They grow when you size them. I never trim 223, 556, 300BLK, 30-30’s, or straight wall cases.

But, I believe that most AR15s will have a generous enough chamber to forgo trimming.

A match chamber in bolt action may require proper trimming.
 
They grow when you size them. I never trim 223, 556, 300BLK, 30-30’s, or straight wall cases.

But, I believe that most AR15s will have a generous enough chamber to forgo trimming.

A match chamber in bolt action may require proper trimming.

Ok so this may be a dumb question, but with a progressive press, is the sizing/decapping die basically useless if you are working with cases that are already deprimmed? If you were looking to trim cases to spec, wouldn't it be more efficient to use a sizing die first (maybe on a single stage press), then trim, then begin with those cases to start the reloading process in the progressive press?
 
They grow when you size them. I never trim 223, 556, 300BLK, 30-30’s, or straight wall cases.
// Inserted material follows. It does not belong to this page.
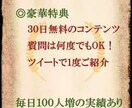 増やすだけじゃダメ！Twitter集客方法教えます Twitterガチりたい！超初心者ＯＫ！豪華特典あり！ イメージ3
But, I believe that most AR15s will have a generous enough chamber to forgo trimming.

A match chamber in bolt action may require proper trimming.

It's not the chambers that gets you. I almost never trim 223 unless it's match ammo I am loading. But when you got to crimp un-uniform cases its easy to push the neck down slight enough that you can't see or make it hard to see/catch and it will cause stuck cases that suck to get out!
 
I agree, but I do not normally crimp rifle brass. When I do crimp 556/223, I use the Lee Factory crimp die and it works without creating downward force. It just squishes the neck against the bullet. So, the Lee FCD works well with untrimmed brass.

to the OP: yes, most guys resize, trim, prime and then back to the progressive press for powder, bullet seating, and maybe a crimp.